Yeniçerilerin son devrinde bütün İstanbul esnafı arasında kahveciler ile berberler Yeniçeri ocağına kayıtlı, yahut yeniçerilik yapardı. Yeniçeri zorbalarının hemen hepsinin de gayet konforlu bir veya birkaç tane kahvehanesi vardı. Kahvehaneler her türlü uygunsuzluk ve fuhuşun göz göre göre yapıldığı yerler olmuştu.
1826'da Yeniçeri ocağını kanlı bir şehir savaşıyla kaldıran Sultan İkinci Mahmud, aynı günler içinde İstanbul'da ne kadar kahvehane varsa kapattı ve İstanbul şehri birden berbersiz kaldı.

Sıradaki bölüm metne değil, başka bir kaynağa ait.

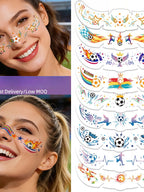 Five stickers for the US, Canada, and Mexico World Cup tattoo stickers, football match support freckles, face stickers, sweat-proof party makeup stickers, and more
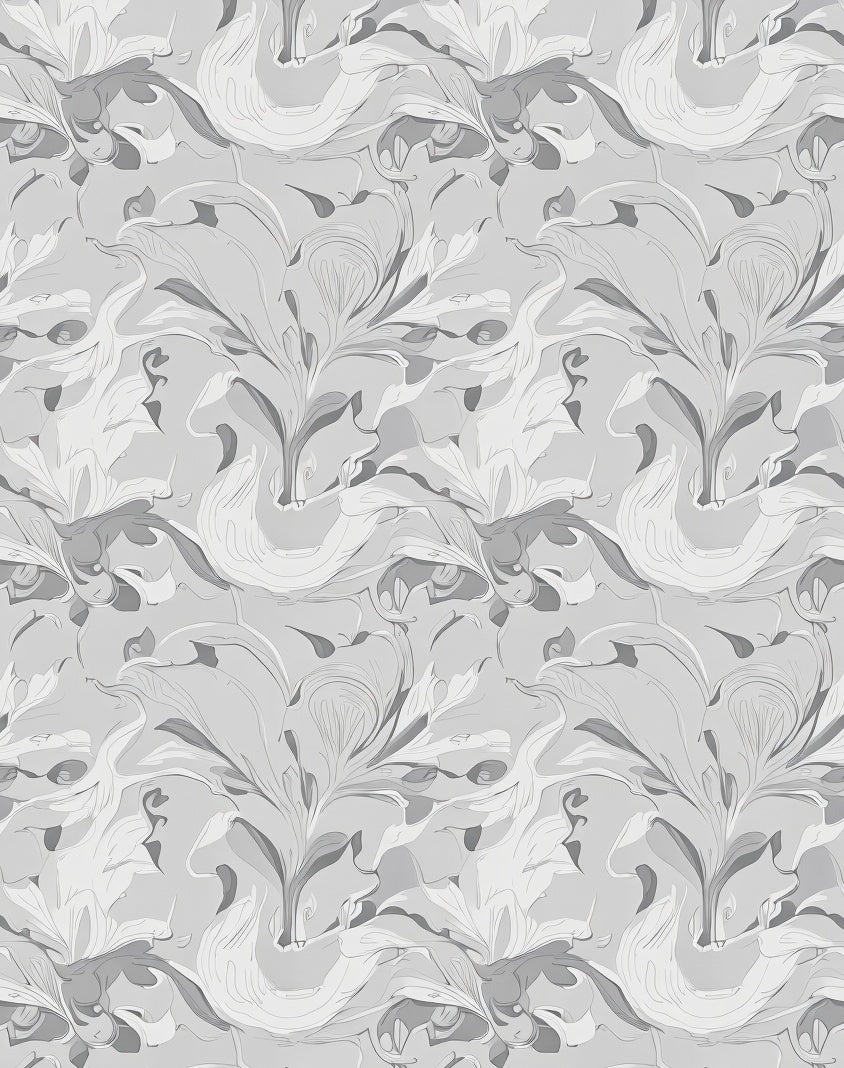 Monochromatic Floral Swirl Pattern Rug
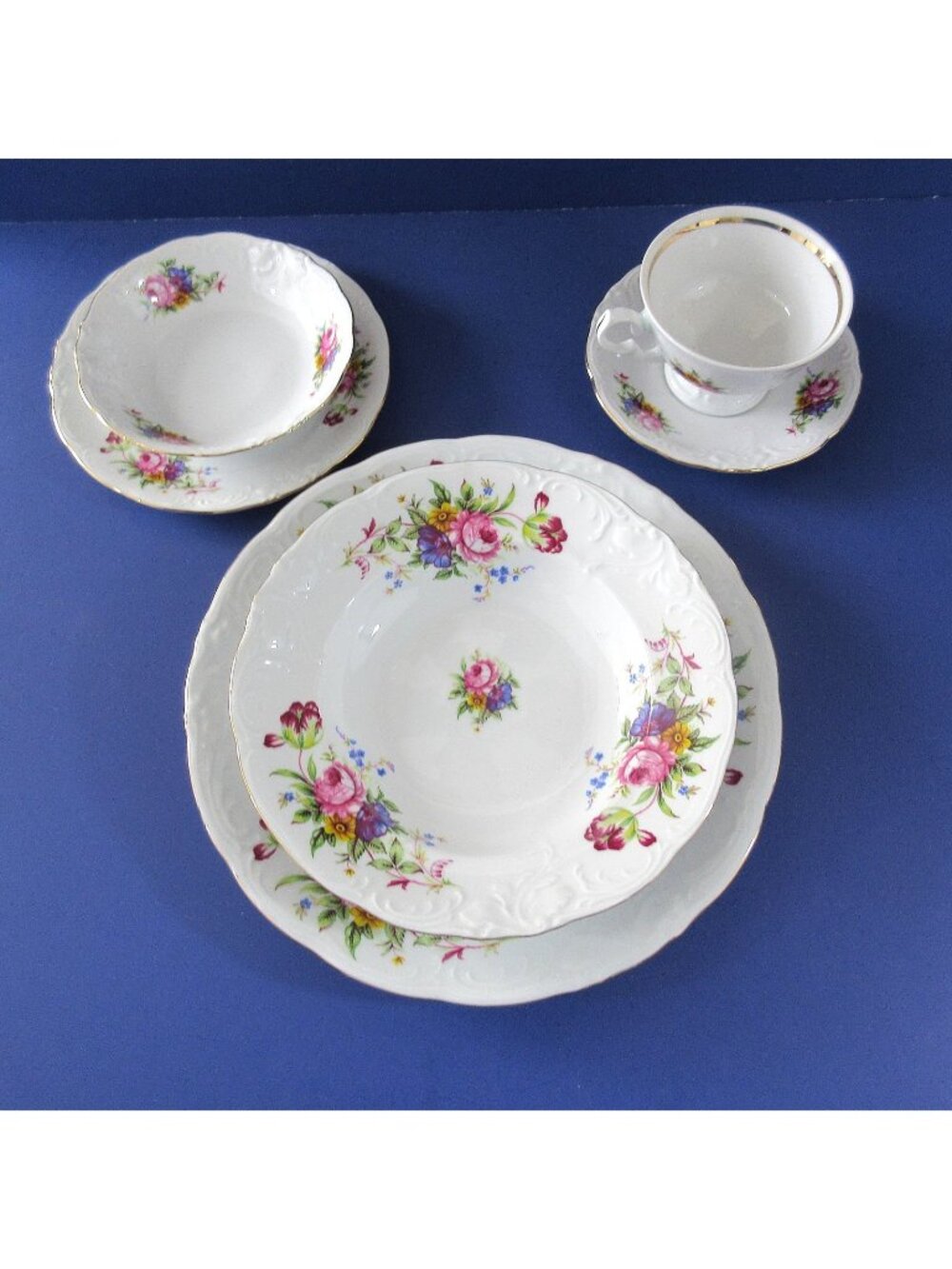 Vtg Royal Kent Poland Bavarian Rose RKT6 China 6 Piece Place Setting Gold Trim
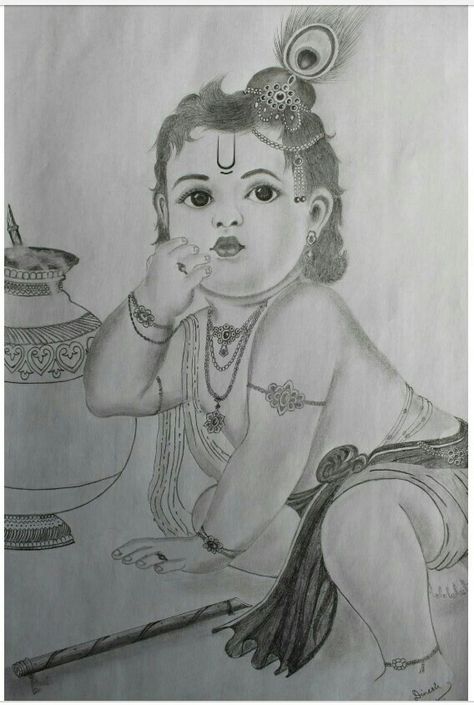 Krishna Full Body Drawing, Baal Krishna Drawing, Drawing Krishna, Drawing Cartoon Characters Sketches, God Drawings, Krishna Sketch, Ganesha Sketch, Cartoon Characters Sketch, Art Krishna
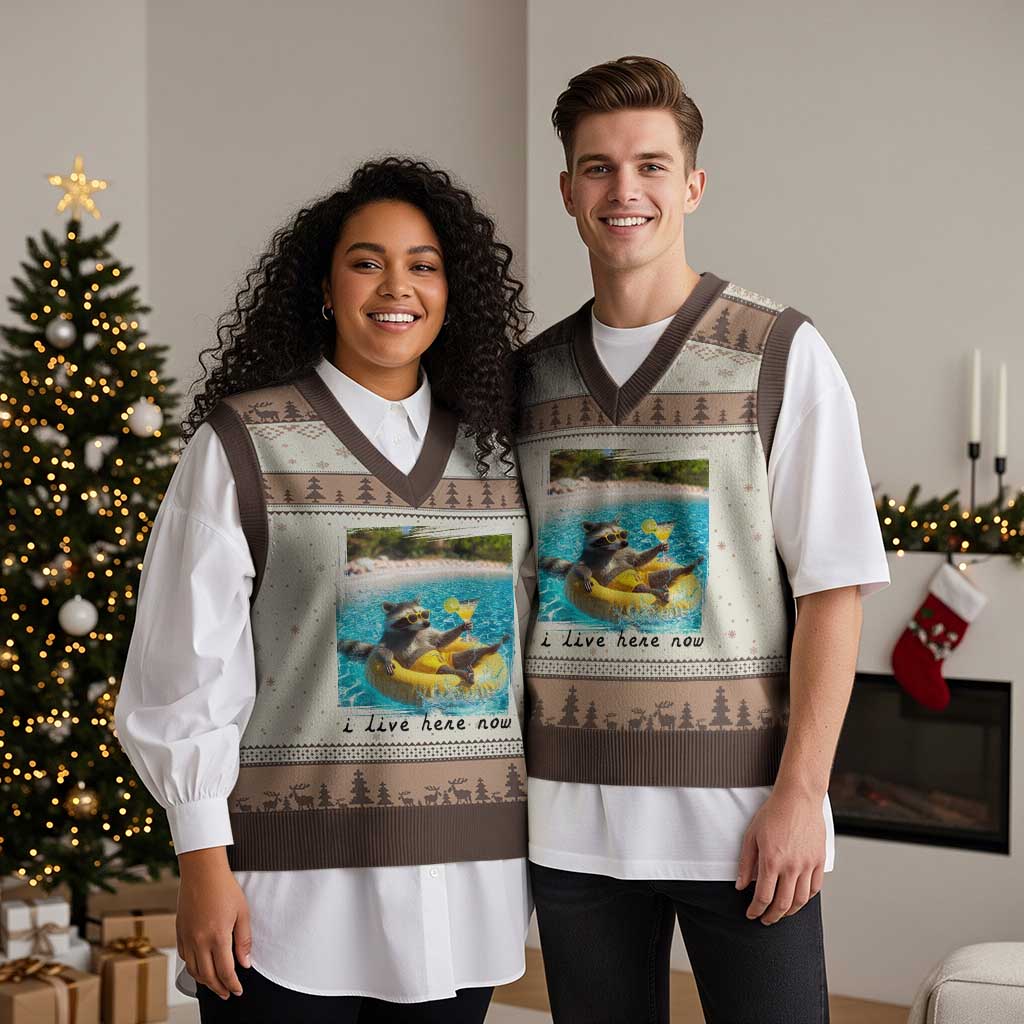 I Live Here Now Raccoon V-Neck Knit Sweater Vest Funny Summer Vacation Meme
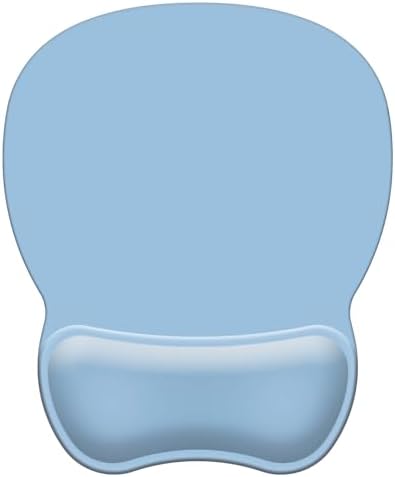 Mouse Pad with Support, Ergonomic Mouse Pad with Gel Wrist Rest, Comfortable Mousepad with Soft Wrist Support Surface and Non-Slip PU Base for Home Office Working Studying (04 Blue)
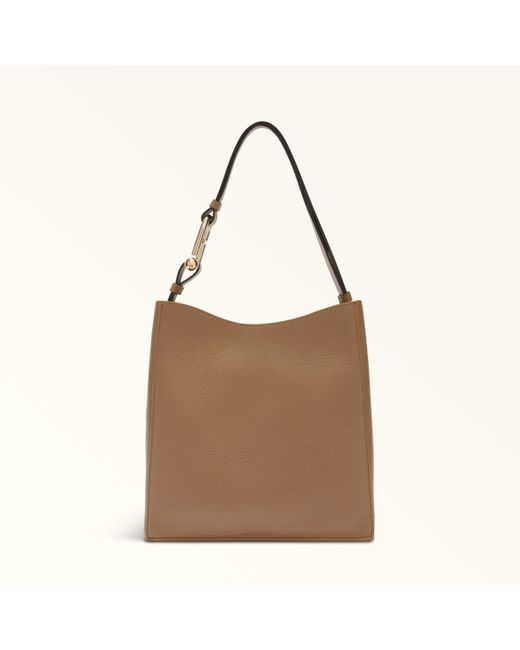 Furla Brown Nuvola Beuteltasche Deserto Genarbtes Kalbsleder Damen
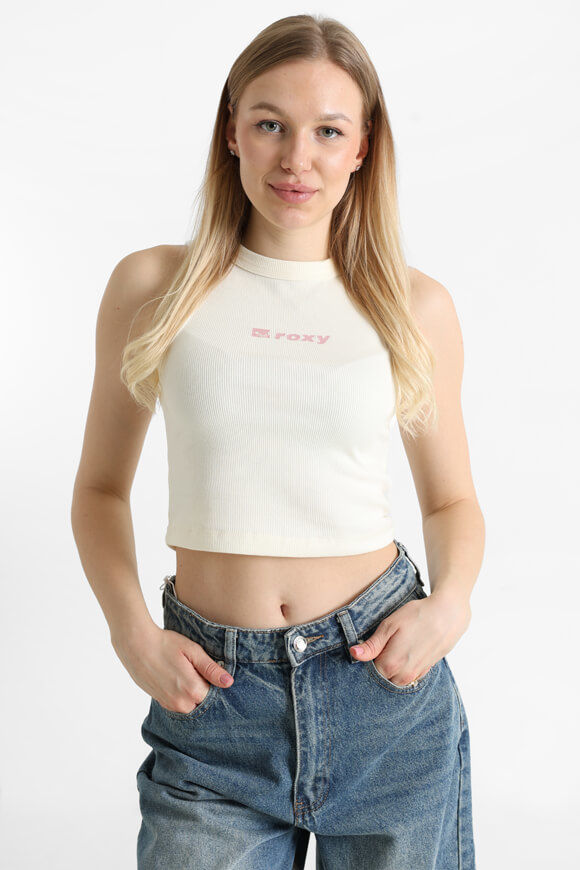 Roxy Iconic Days Geripptes Crop Tanktop | Egret | Damen  | L von Roxy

Esnaf gedik (çalışma imtiyazı) yöntemine bağlıydı. Berber gedikleri ise kahvehane gediklerine bağlıydı. Sultan İkinci Mahmud kahvehaneleri kapatınca, berberlerin dükkân açabilmeleri için yeniden berber gedikleri oluşturuldu
Vakanüvis (tarihçi) Lûtfî Efendi H. 1243 (M.1827) kayıtları arasında şöyle anlatıyor (Anlaşılabilmesi için günümüz Türkçesine çevrilmiştir):
«Vaka-i Hayriye'den sonra Dersaadet (İstanbul) ve Boğaziçi'nde ne kadar kahvehaneler varsa ocakları yıkılarak yokedilmişti. Bunların çoğu fakir olduklarından başka, halkın tıraş olması ve yararlanabilmesi için bu kahvehanelerin berber dükkânına çevrilmesi ile vakıflardan berber gediği adıyla yeni baştan senet alınarak bazılarının açılmasına izin verildi.»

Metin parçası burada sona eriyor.